We support the Government in their attempt to update the law in this important and sensitive area, particularly since the Statement appears to indicate that the Government have listened to at least some of the concerns that were expressed about the original proposed legislation put forward during the last Parliament. However, we hope that this Statement and the draft legislation does not prove to be a bit like some Budget speeches where it is only afterwards that some of the detail proves to put a rather less acceptable gloss on aspects of some of the changes and measures proposed.
Although it is becoming something of a cliché, the need is to secure the appropriate balance between the requirement to safeguard national security and the safety of our citizens, and the requirement to protect civil liberties and personal privacy, which is surely one of the hallmarks of a democracy compared to a dictatorship. The extent to which the proposals set out in the Statement, and in the draft legislation, achieve that difficult balance is clearly going to be the subject of much discussion during the consideration of the Bill. However, the Statement indicates stronger safeguards than were previously being proposed, including in the important area of judicial authorisation, and it appears as though in broad terms that difficult balance may be about right. We will examine carefully the detail of the Bill and where necessary seek to improve the safeguards to increase the all-important factor of public trust.
The proposals set out today do not of course relate just to national security. They also have relevance to preventing serious and abhorrent crimes and apprehending those who commit them, including murder, major fraud and child sexual exploitation. In that regard, can the Minister confirm that the far-reaching powers of content interception will be used only for the most serious crimes, as applies under RIPA? The Statement indicated that the detailed web browsing of individuals will not be accessible, which we support, but will the Minister set out precisely what internet activity of an individual will be accessible without a warrant?

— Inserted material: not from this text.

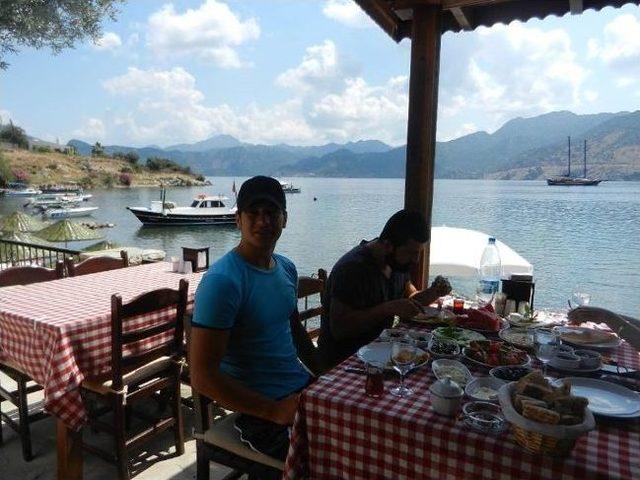 Çağatay Ulusoy Tatil İçin Marmaris’i Seçti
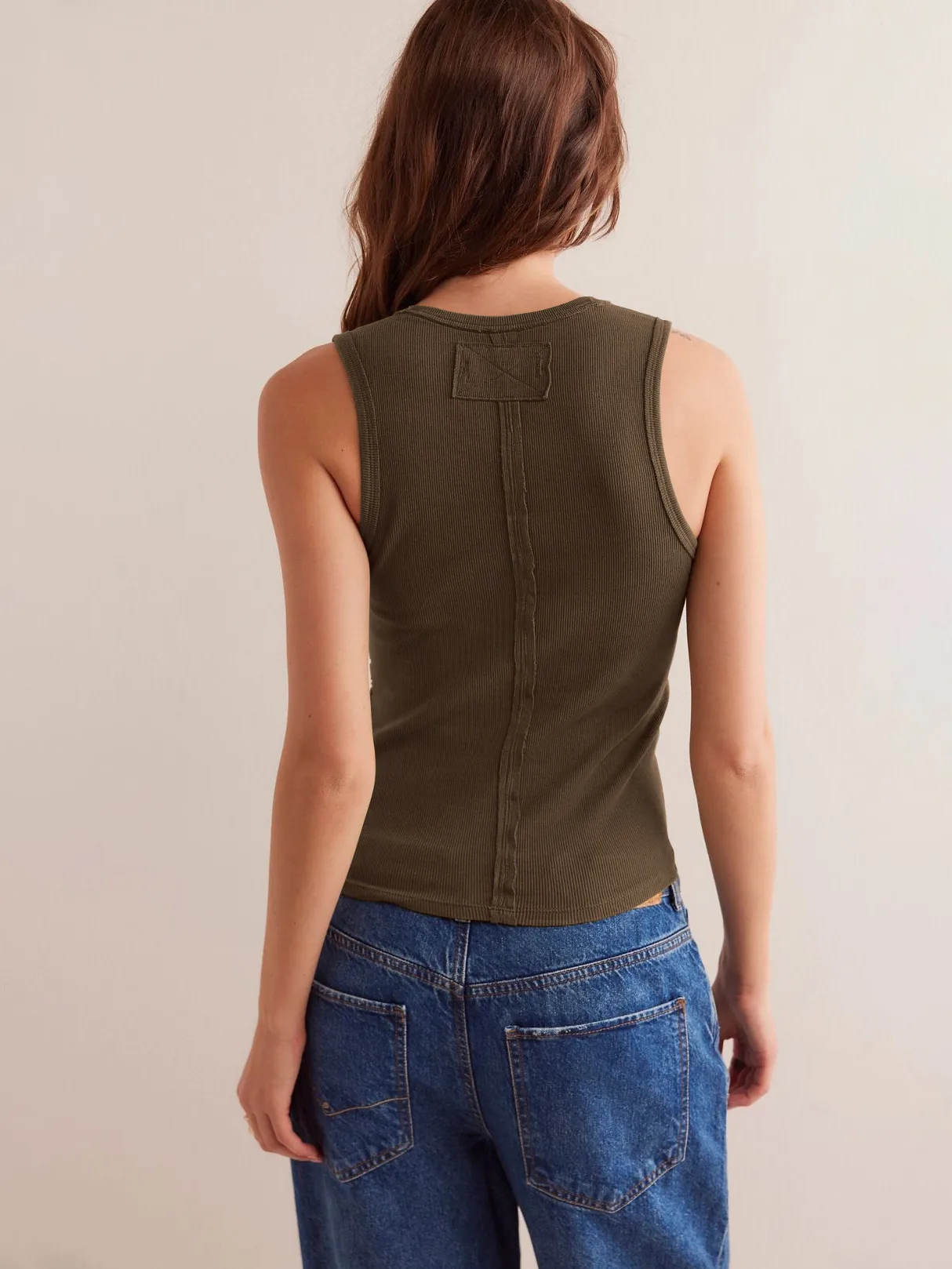 Foreign Trade  New  Fashion V-neck Solid Color Sleeveless Rib All-match High-end Vest Top For Women display picture 22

Clearly, vulnerability of information has gone up the agenda of public concern in light of the attack on TalkTalk. Since data retention and bulk storage were referred to in the Statement, what steps do the Government intend to take to ensure the security of bulk storage of data by public and private bodies?

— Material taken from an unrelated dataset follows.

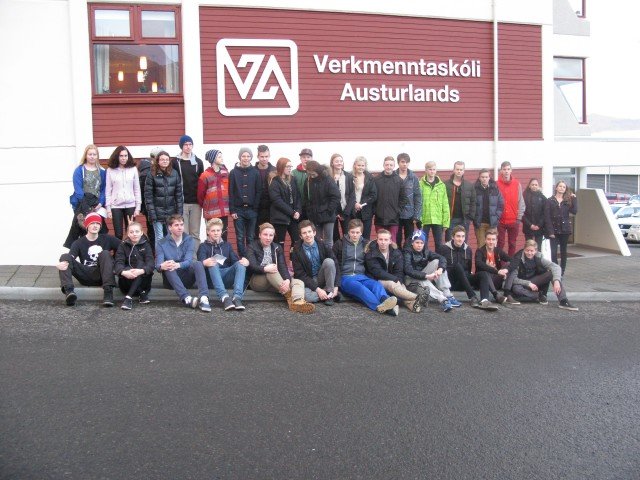 10. bekkingar í skólaheimsókn.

The Statement referred to the change of approach on encryption from the possible ban previously mentioned by the Prime Minister, and reference was also made to communication providers and legal duties. Are the Government satisfied that they can make any such legal requirements stick against some of the largest and most popular online names, many of whom have headquarters overseas?

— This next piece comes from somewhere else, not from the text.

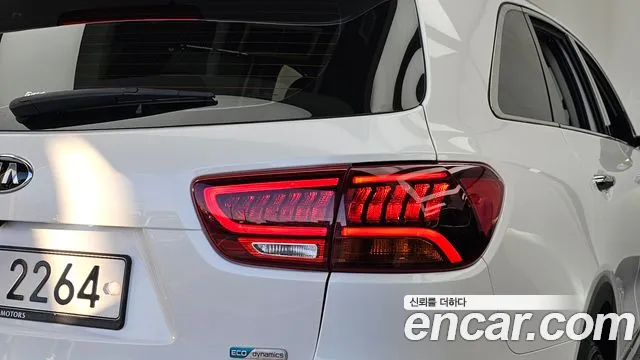 Kia Sorento — фото 23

The Statement also referred to the protection of communications for parliamentarians. Will that protection also apply to people communicating with parliamentarians, whether on personal matters or on providing information? What protection arrangements will there be for sources of information used by journalists? The Statement said that, if it were proposed to intercept the communications of a parliamentarian, the Prime Minister would also be consulted. What in this context does “consult” mean? Does it mean that the Prime Minister would have to give his or her agreement?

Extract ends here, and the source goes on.